Section 2.4 Appropriate Action; Consents; Filings.
(a) Schedule 6.3(a) of the Lares Disclosure Schedule is hereby amended and restated to read in its entirety as set forth on Schedule 6.3(a) delivered herewith.
(b) The last sentence of Section 6.3(a) of the Merger Agreement is hereby amended and restated to read in its entirety as follows:
“New Holdco, Mercury and Lares agree that the foregoing shall require the parties to effect the Regulatory Divestitures contemplated by Section 6.3(a) of the Lares Disclosure Schedule (as amended).”
(c) Clause (i) of the first sentence of Section 6.3(d) is hereby amended and restated to read in its entirety as follows:
“(i) require, or be construed to require, New Holdco, Mercury, Lares or any of their Subsidiaries to take, or agree to take, any Regulatory Action other than the Regulatory Divestitures contemplated by Schedule 6.3(a) of the Lares Disclosure Schedule (as amended)”
(d) Section 6.3(e) of the Merger Agreement is hereby amended and restated to read as follows:
“[Reserved]”
Section 2.5 Closing Conditions.
(a) Section 7.2(c) of the Merger Agreement is hereby amended by inserting the following new sentence at the end thereof:
“For the avoidance of doubt, the parties acknowledge and agree that (i) the failure of Lares and its affiliates to renew the CBS network affiliation agreement related to WISH-TV, located in Indianapolis, Indiana, and the related effects therefrom on the business, financial condition and/or results of operations of Lares and its Subsidiaries, and (ii) any changes in programming and retransmission fees in connection with the renewal of any network affiliation agreements that otherwise expire on or prior to December 31, 2014, to the extent such changes are consistent with the most recent projections for Lares provided to Mercury on August 18, 2014, which changes the parties acknowledge are industry changes, shall not be taken into account in determining whether the condition set forth in Section 7.2(a) or in this Section 7.2(c) has been satisfied.”
(b) Schedule 7.2(d) of the Lares Disclosure Schedule is hereby amended and restated to eliminate Item 24 therefrom.
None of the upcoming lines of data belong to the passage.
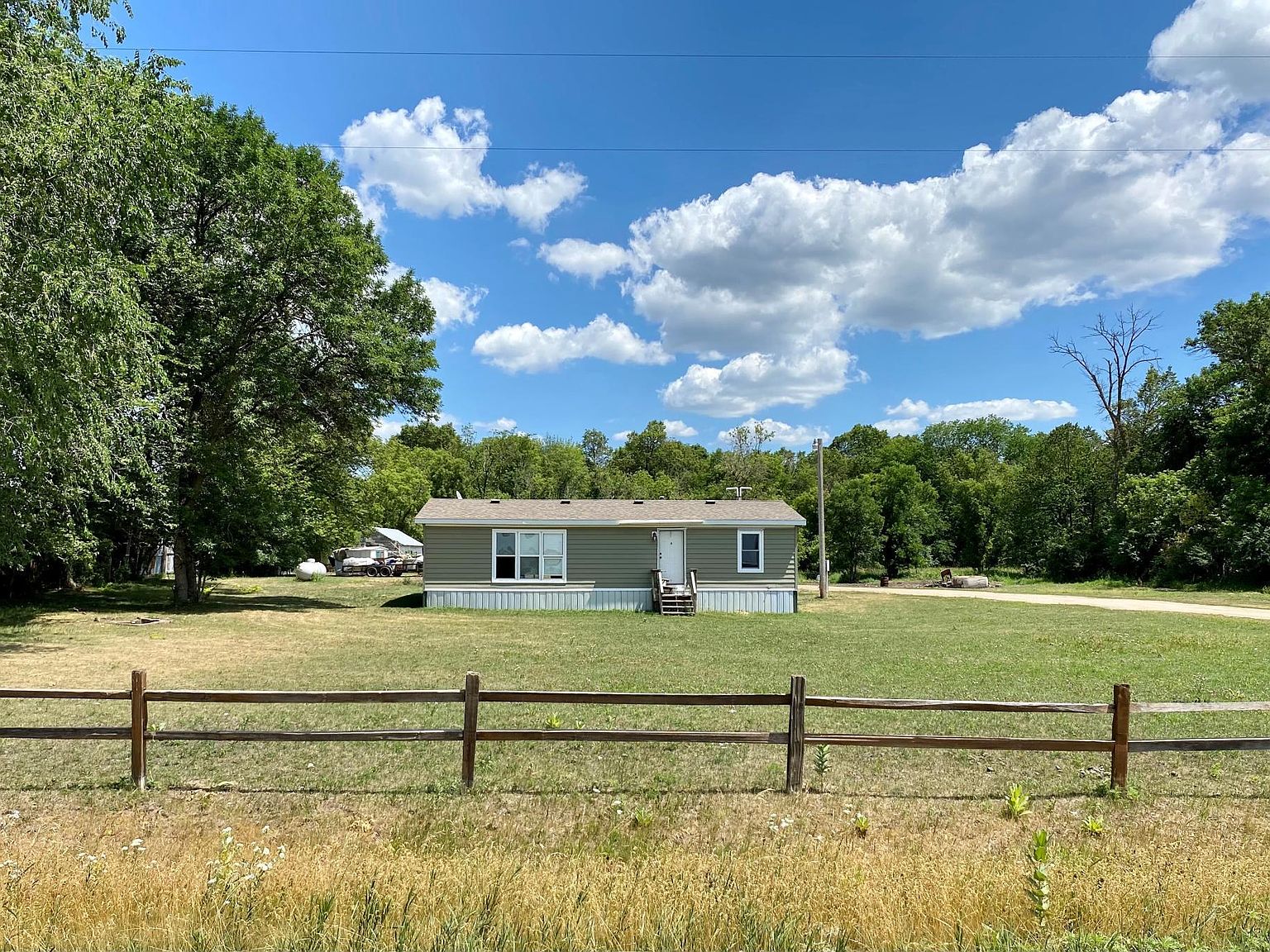 26995 40th St NE, Belgrade, MN 56312 Zillow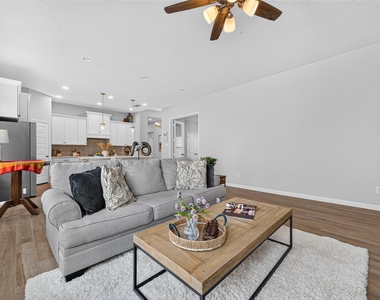 5039 Henry Merrit Street - Photo Thumbnail 7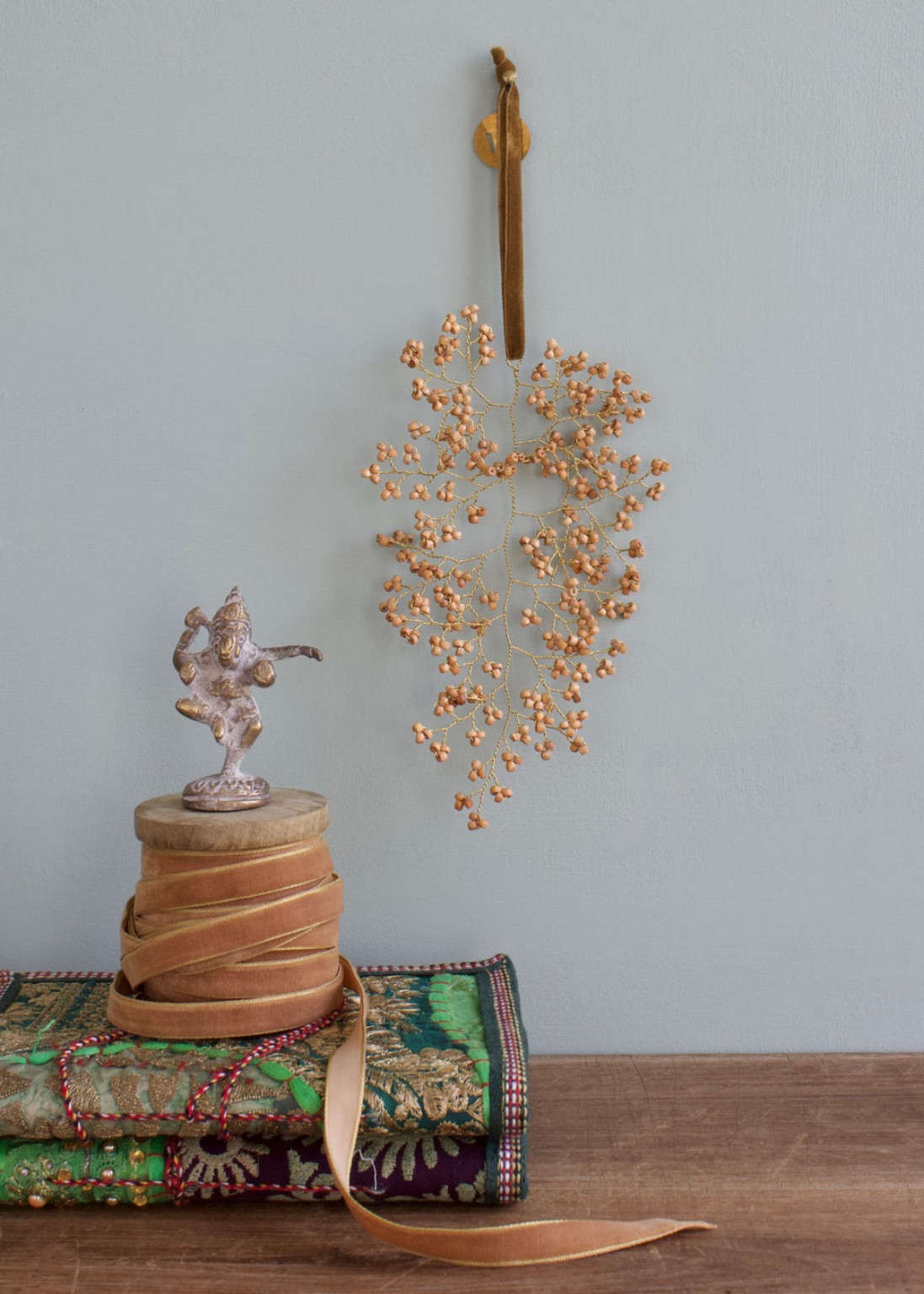 Holzperlen-Ornament Golden Branch – Bild 4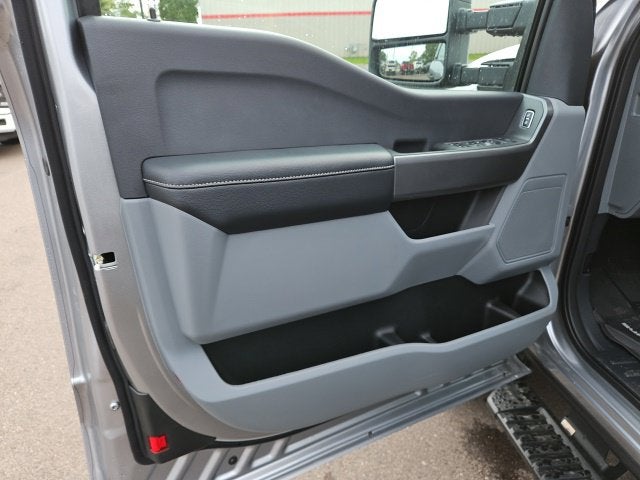 2027 Ford F-350SD XLT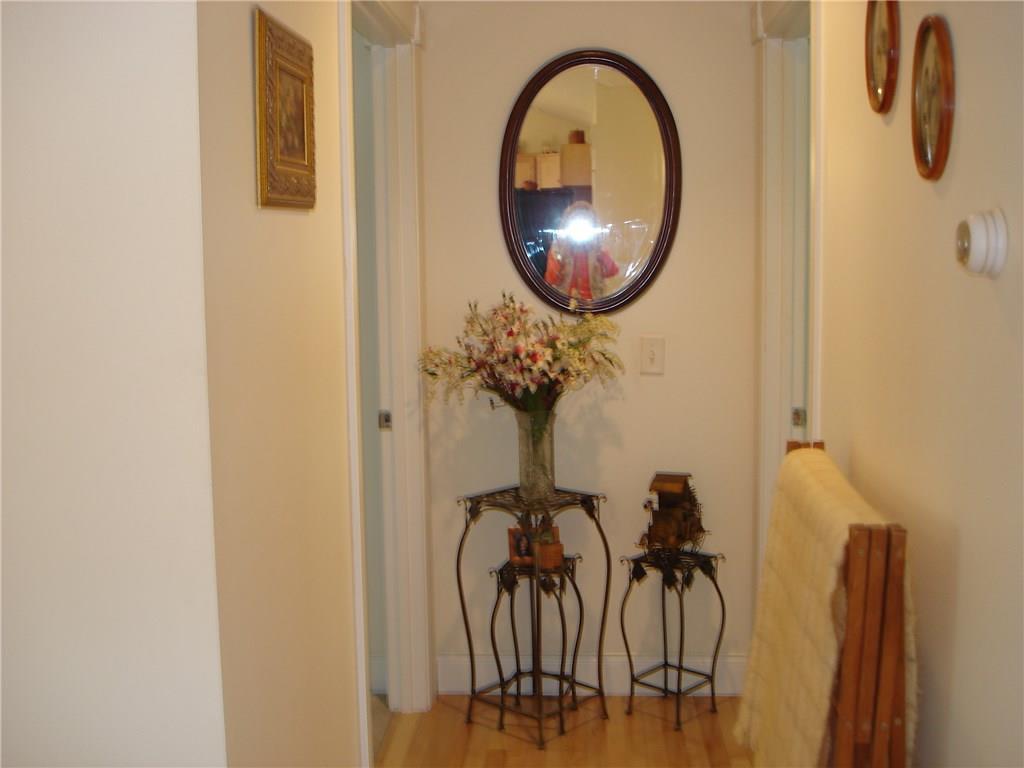 27 Highland Ridge Drive, Unit 27 Hampden, ME 04444 - Photo 23 of 32 Hallway!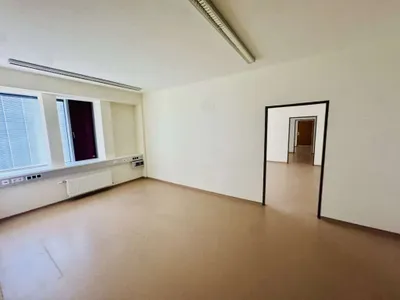 11-Zimmer-Gewerbeimmobilie mieten in Bruck-Mürzzuschlag – 70 m², € 4.287 – Bild 11 von 33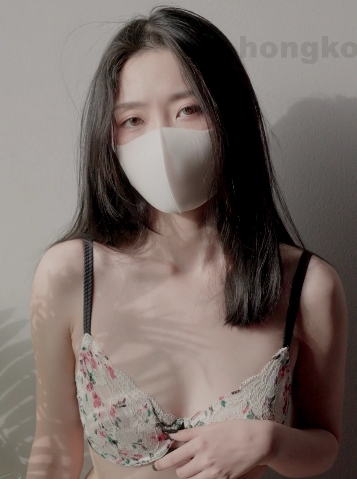 玩偶姐姐小碎花内衣solo2V756M丰韵身躯撩人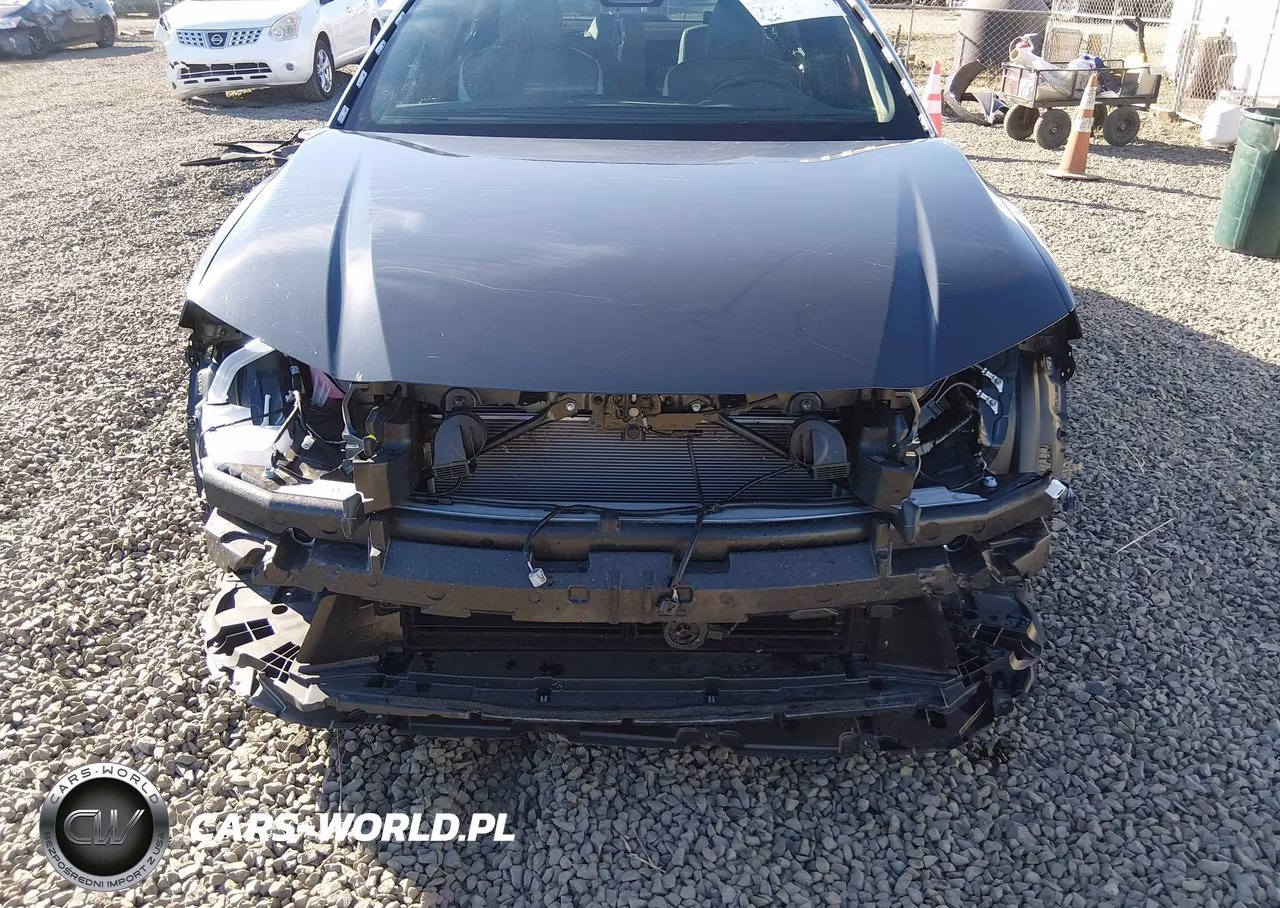 2025 Toyota Camry Se VIN:4T1DBADKXSU538452 - 6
(c) Section 7.3(c) of the Merger Agreement is hereby amended by inserting the following new sentence at the end thereof:
“For the avoidance of doubt, the parties acknowledge and agree any changes in programming and retransmission fees in connection with the renewal of any network affiliation agreements that otherwise expire on or prior to December 31, 2014, to the extent such changes are consistent with the most recent projections for Mercury provided to Lares on August 17, 2014, which changes the parties acknowledge are industry changes, shall not be taken into account in determining whether the condition set forth in Section 7.3(a) or in this Section 7.3(c) has been satisfied.”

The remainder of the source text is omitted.